▶ Brief
Reproduce verbatim the line where "Trendy Illusion Neck" occurs, along with all following lines down to the last line of the data.

▶ Source material
--

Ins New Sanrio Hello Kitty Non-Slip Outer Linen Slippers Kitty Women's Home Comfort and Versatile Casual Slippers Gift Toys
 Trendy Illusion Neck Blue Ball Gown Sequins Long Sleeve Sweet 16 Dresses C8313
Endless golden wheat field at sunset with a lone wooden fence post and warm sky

--

▶ Problem solution
 Trendy Illusion Neck Blue Ball Gown Sequins Long Sleeve Sweet 16 Dresses C8313
Endless golden wheat field at sunset with a lone wooden fence post and warm sky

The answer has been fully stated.